▶ _HOW TO COMPLETE THIS TASK_
Exactly as written, return all the data, leaving its pictures behind.

- Opening Delimiter -

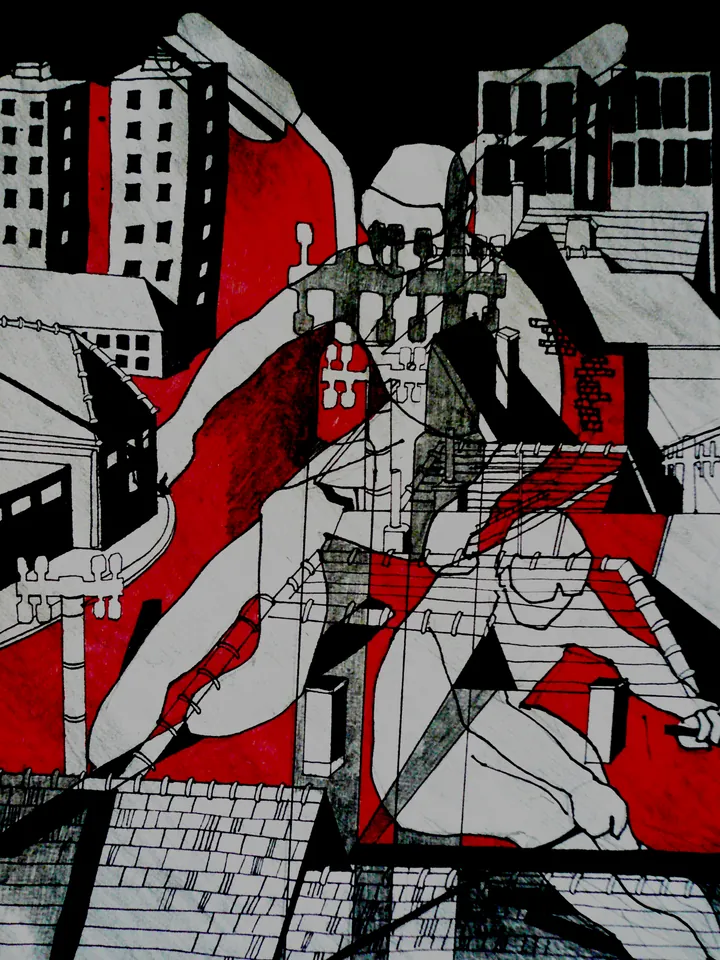 Figures, streetlamps and housing blocks in black, white and red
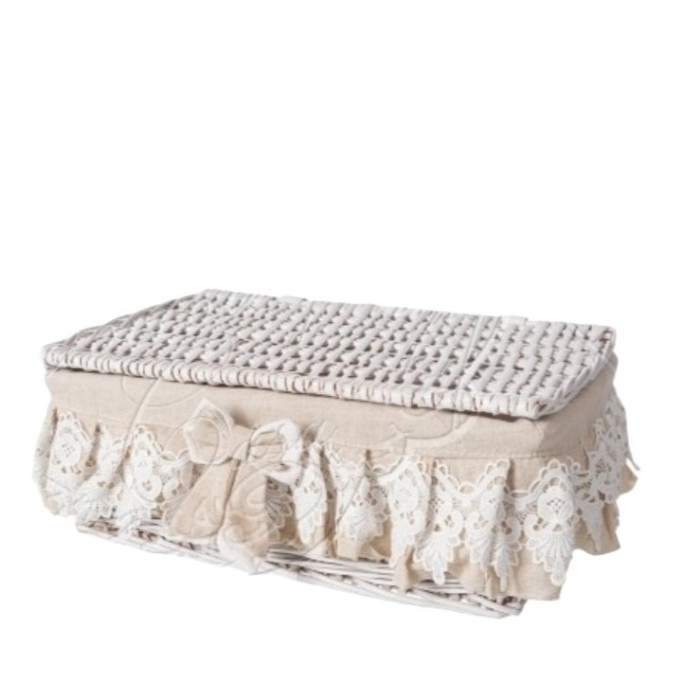 Cesta in rattan con coperchio cm 40x28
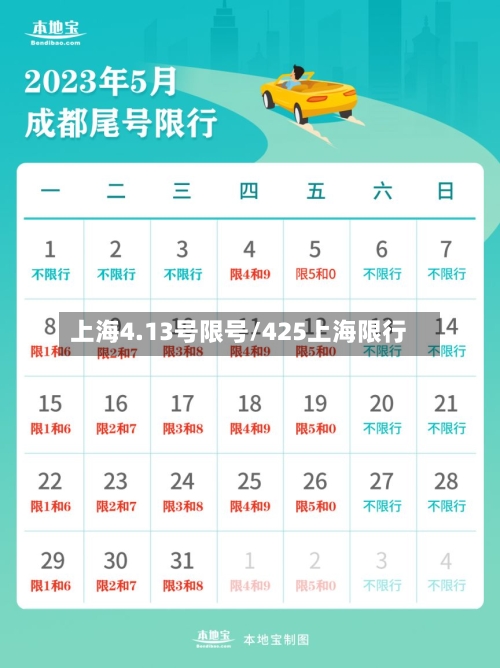 上海4.13号限号/425上海限行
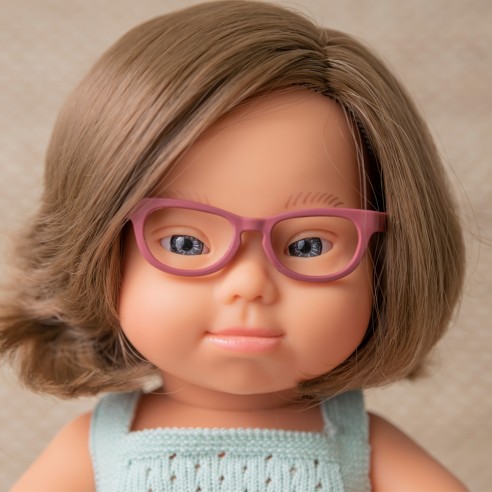 MUÑECA CAUCÁSICA SINDROME DE DOWN CON GAFAS...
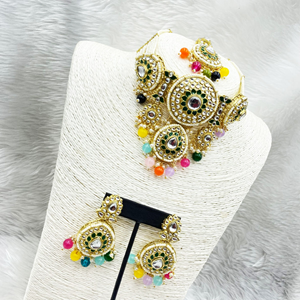 Habiba Multicolour Regal  Kundan Choker Necklace Set - Gold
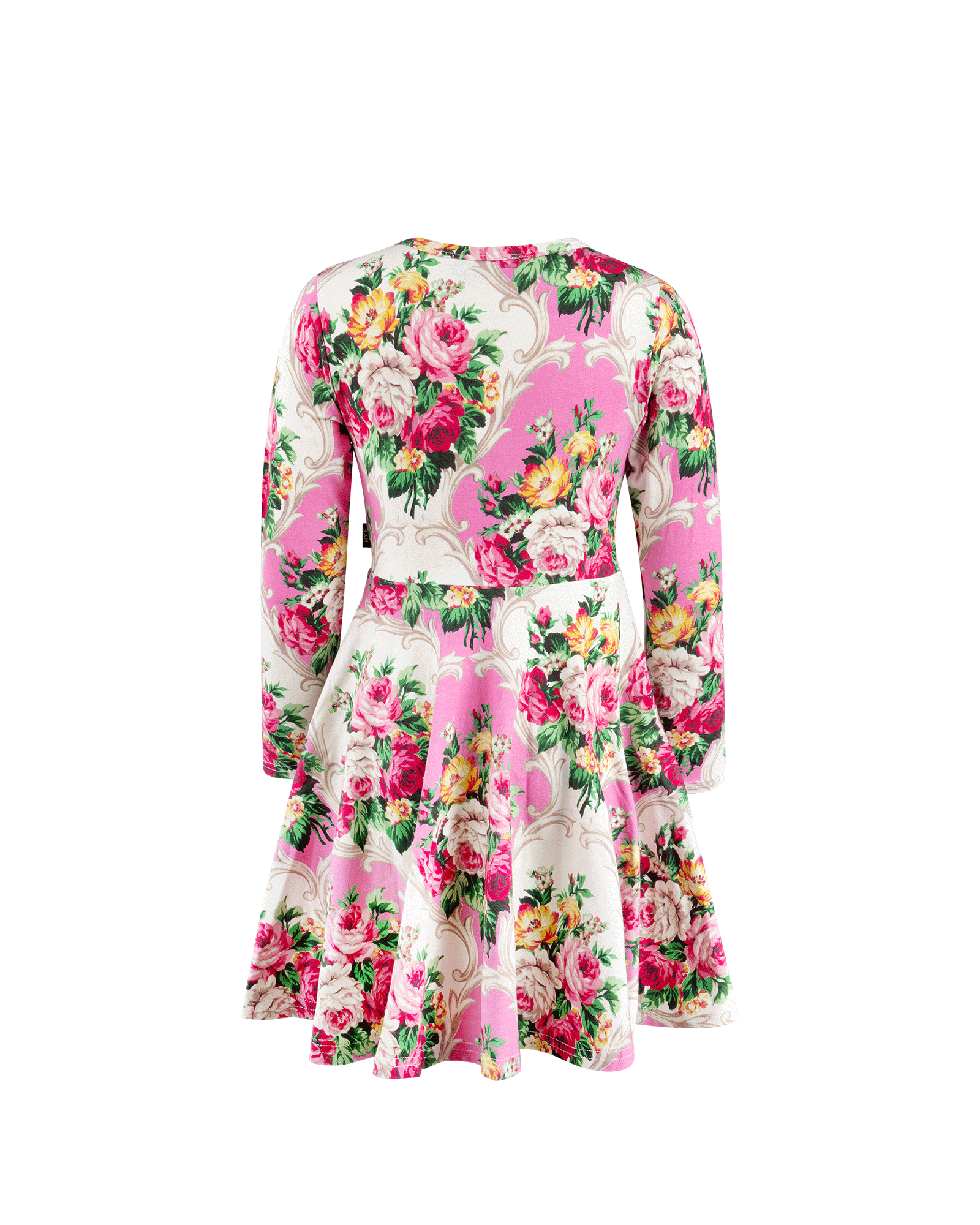 ROSETTE LONG SLEEVE WAISTED DRESS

- Closing Delimiter -

▶ _WRITTEN SOLUTION_
 Figures, streetlamps and housing blocks in black, white and red
 Cesta in rattan con coperchio cm 40x28
 上海4.13号限号/425上海限行
 MUÑECA CAUCÁSICA SINDROME DE DOWN CON GAFAS...
 Habiba Multicolour Regal  Kundan Choker Necklace Set - Gold
 ROSETTE LONG SLEEVE WAISTED DRESS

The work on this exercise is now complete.